Продолжение. Предыдущее здесь. О «Блюзе бродячего пса» и его авторе – здесь. Начало «Блюза» – здесь.
«Розы нет. Шоколадка ушла» – с раздирающей ясной горечью проснулся Васька Цесарский во втором часу пополудни. На душе пустыня, во рту медведь ночевал, в голове ныли неподвижные мелкие мыслишки. Он крепко потер лоб и затылок. «Но почему она болит, в ней же кость?» – подумал он.
Полуодетый и босой, прошлепал по пятикомнатной квартире. На столе в столовой объедки и опивки поминального вечера. Засиделись допоздна. Занимая центральное место на стене, над столом висел писаный маслом с фотографической карточки портрет отца Василия, генерал-лейтенанта артиллерии Терентия Цесарского, погибшего десять лет назад. Он руководил на Ямале испытанием «взрывающего устройства», способного растопить в атомно-водородном пекле Данию, а заодно Голландию. Наблюдательный пункт в бункере поместили в двухстах километрах от эпицентра взрыва. То ли в расчеты создателей–проектировщиков вкралась досадная ошибка, то ли «взрывное устройство» шарахнуло в вечной мерзлоте и в небесах так, что бункер вместе с госкомиссией и генералом испарился. Во время торжественных похорон на Новодевичьем на пустой гроб была положена генеральская фуражка с черным околышем. На портрете Терентий Цесарский был изображен в генеральском комбинезоне, опершись о корпус вездехода с устремленным вверх веером ракет. Серые в карюю крапинку глаза чуть насмешливо прищурены: «Опохмеляешься, сынишка?» Васька вялой кистью махнул на портрет.

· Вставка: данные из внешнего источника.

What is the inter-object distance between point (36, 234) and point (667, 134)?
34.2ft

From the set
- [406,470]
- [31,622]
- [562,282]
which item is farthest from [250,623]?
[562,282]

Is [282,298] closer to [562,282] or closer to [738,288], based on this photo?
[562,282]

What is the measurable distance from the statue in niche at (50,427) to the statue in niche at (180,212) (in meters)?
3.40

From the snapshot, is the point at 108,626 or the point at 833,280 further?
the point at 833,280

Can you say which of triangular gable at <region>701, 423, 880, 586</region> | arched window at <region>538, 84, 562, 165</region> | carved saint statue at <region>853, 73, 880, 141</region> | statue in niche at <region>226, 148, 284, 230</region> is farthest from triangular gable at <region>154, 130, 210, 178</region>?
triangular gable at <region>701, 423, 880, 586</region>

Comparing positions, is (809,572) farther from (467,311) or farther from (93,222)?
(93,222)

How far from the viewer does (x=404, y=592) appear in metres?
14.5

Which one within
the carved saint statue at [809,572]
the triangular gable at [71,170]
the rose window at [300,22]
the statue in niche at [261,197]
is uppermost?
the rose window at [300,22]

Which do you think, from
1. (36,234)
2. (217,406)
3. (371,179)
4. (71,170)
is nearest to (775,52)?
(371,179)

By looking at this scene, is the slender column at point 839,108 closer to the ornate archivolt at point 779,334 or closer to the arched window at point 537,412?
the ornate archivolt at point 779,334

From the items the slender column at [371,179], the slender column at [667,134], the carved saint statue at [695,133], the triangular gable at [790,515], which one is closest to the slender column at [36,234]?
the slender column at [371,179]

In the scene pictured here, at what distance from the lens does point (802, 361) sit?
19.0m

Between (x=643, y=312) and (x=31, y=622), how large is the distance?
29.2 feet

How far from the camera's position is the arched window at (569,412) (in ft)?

Смерть отца он перенес без надрыва – слишком они были разными…
Васька легко позавтракал водкой с пивом и в два приема сволок посуду и фужеры с рюмками в ванну, под горячую воду – он терпеть не мог объедки и опивки.

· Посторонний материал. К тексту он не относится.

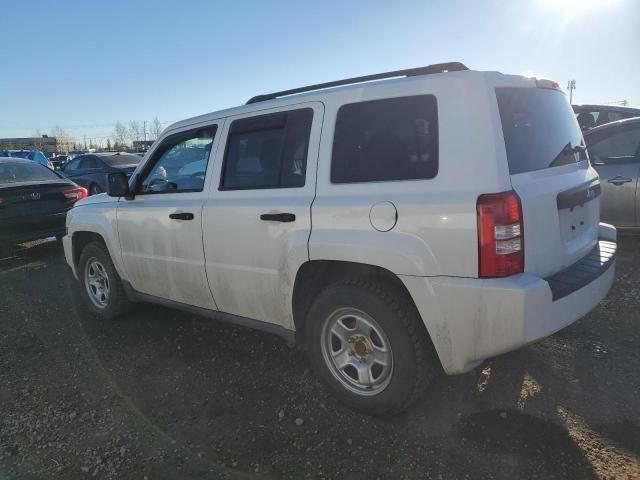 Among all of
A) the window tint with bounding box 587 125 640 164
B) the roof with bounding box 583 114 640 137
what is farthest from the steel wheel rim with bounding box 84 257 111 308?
the roof with bounding box 583 114 640 137

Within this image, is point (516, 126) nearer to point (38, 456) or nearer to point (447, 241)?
point (447, 241)

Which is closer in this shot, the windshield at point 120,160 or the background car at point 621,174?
the background car at point 621,174

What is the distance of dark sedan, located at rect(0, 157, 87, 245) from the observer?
7.13 meters

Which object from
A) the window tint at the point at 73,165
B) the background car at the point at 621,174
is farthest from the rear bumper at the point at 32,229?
the background car at the point at 621,174

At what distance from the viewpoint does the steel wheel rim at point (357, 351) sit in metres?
2.81

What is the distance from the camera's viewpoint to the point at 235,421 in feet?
9.80

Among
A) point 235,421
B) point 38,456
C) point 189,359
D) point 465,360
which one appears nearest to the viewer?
point 465,360

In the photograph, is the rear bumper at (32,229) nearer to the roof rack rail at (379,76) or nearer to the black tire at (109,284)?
the black tire at (109,284)

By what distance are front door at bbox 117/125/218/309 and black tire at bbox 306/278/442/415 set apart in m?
1.30

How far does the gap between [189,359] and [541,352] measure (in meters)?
2.70

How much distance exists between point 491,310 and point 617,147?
4.57 m

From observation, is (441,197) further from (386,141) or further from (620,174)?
(620,174)

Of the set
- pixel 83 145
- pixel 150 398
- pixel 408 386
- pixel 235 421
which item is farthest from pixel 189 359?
pixel 83 145

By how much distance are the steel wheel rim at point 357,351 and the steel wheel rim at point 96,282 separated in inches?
108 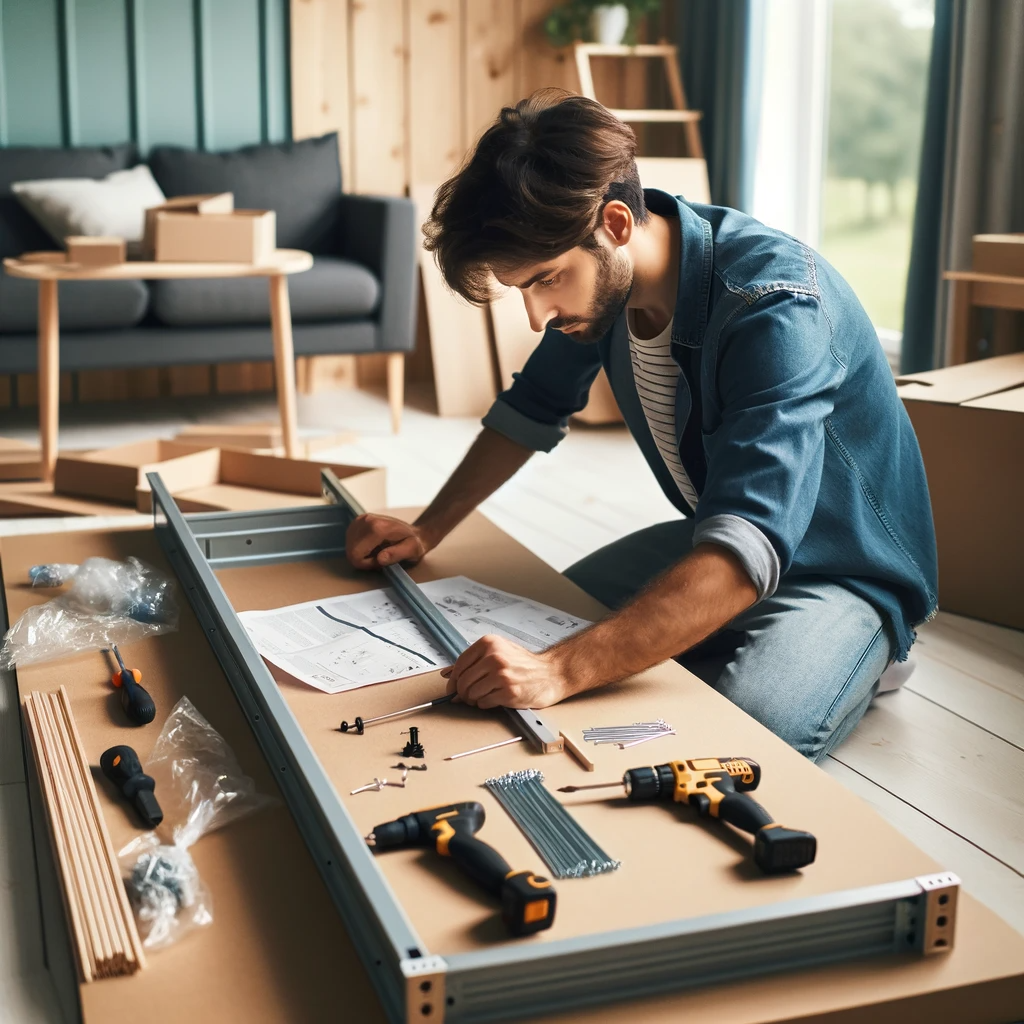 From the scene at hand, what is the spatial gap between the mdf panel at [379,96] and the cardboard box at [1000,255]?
2489 mm

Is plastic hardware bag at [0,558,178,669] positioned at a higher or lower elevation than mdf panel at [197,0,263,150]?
lower

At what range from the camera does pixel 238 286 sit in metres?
3.93

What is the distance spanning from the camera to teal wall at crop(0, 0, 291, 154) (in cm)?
428

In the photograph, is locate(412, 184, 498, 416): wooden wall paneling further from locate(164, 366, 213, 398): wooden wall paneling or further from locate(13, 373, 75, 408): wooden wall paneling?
locate(13, 373, 75, 408): wooden wall paneling

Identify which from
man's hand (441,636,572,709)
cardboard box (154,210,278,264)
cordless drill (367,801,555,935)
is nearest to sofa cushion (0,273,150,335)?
cardboard box (154,210,278,264)

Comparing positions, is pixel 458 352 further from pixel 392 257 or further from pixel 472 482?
pixel 472 482

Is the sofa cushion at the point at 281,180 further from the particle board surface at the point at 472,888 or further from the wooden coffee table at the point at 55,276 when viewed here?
the particle board surface at the point at 472,888

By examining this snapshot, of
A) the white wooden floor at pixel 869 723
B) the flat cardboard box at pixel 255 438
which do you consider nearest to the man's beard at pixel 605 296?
the white wooden floor at pixel 869 723

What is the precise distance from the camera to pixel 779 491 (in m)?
1.38

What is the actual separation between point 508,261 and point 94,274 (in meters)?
2.10

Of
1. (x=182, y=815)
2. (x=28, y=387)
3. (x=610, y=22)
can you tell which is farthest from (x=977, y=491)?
(x=28, y=387)

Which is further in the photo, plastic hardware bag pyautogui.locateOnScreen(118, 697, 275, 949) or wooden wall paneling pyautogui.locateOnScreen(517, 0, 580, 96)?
wooden wall paneling pyautogui.locateOnScreen(517, 0, 580, 96)

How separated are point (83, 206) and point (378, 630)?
2.91 metres

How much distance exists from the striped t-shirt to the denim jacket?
0.03 meters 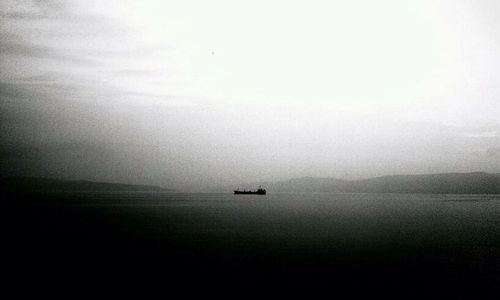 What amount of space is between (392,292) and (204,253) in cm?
2281

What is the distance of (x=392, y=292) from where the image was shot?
97.8 feet

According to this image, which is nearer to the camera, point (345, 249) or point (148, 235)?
point (345, 249)

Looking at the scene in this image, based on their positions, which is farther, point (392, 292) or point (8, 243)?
point (8, 243)

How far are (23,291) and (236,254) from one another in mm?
22870

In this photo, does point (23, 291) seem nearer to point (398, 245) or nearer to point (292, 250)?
point (292, 250)

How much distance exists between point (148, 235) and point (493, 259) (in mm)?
46791

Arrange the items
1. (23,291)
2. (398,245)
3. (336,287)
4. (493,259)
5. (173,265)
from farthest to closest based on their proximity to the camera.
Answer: (398,245), (493,259), (173,265), (336,287), (23,291)

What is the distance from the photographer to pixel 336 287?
31.1 meters

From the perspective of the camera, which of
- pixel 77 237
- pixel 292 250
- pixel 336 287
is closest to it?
pixel 336 287

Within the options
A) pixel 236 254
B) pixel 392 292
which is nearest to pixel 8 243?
pixel 236 254

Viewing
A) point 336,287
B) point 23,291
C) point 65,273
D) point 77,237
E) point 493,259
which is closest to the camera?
point 23,291

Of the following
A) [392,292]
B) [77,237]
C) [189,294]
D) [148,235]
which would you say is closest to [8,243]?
[77,237]

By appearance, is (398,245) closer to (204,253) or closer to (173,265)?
(204,253)

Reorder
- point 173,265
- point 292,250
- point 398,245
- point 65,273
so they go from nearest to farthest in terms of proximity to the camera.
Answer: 1. point 65,273
2. point 173,265
3. point 292,250
4. point 398,245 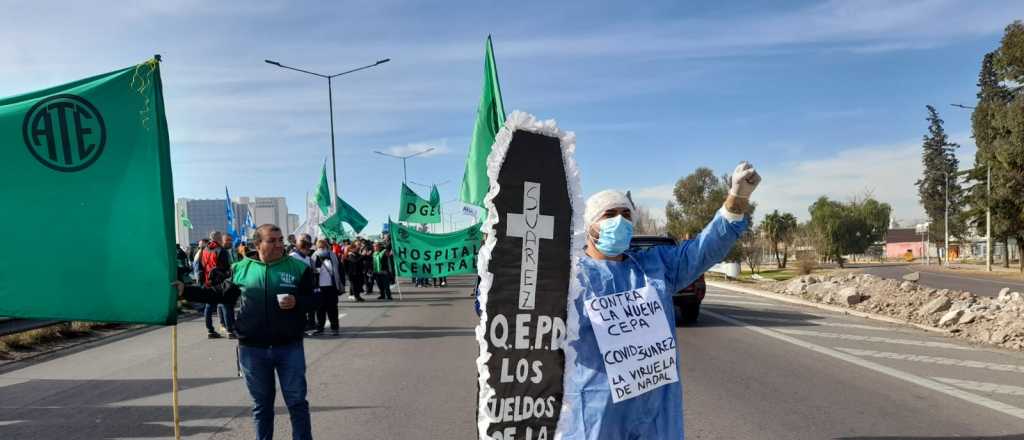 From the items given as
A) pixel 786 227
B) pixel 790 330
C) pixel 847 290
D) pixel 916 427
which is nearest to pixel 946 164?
pixel 786 227

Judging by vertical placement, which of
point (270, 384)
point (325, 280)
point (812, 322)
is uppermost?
point (325, 280)

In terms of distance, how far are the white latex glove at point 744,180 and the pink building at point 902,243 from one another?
9973 cm

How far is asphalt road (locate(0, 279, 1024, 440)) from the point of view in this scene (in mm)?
6426

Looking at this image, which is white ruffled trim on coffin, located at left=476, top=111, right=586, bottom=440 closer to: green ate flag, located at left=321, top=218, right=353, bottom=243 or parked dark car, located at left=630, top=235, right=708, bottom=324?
parked dark car, located at left=630, top=235, right=708, bottom=324

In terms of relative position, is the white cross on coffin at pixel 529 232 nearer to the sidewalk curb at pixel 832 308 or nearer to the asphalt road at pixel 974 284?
the sidewalk curb at pixel 832 308

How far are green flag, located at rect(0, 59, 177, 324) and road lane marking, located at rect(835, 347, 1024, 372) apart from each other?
8880mm

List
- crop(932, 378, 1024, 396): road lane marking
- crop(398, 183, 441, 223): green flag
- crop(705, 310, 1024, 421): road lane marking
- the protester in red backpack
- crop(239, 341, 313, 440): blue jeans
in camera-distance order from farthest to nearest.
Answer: crop(398, 183, 441, 223): green flag < the protester in red backpack < crop(932, 378, 1024, 396): road lane marking < crop(705, 310, 1024, 421): road lane marking < crop(239, 341, 313, 440): blue jeans

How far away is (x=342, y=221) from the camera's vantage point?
29922 millimetres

Нет Розы. Нет Шоколадки, с той же раздирающей душу горечью думал он. Знал, что теперь горечь по самый гроб будет с ним. Тогда она приехала на заре в февральскую вьюгу. От Всеволода. Ну и приехала… Она всегда от него домой возвращалась. Не нужна она ни капли Всеволоду. На него девки и взрослые бабы – как мухи на липучку. А ему их не надо, ничего ему не надо. Одна музыка. Тогда на вьюжной заре она сказала: мне остоебенела такая жизнь с пьяницей и импотентом. Много она знает о пьяницах и импотентах. Ну и катись… Говорят, когда женщина уходит, нужно начать ее ненавидеть, иначе трудно. Не знаю, не пробовал, подумал Васька.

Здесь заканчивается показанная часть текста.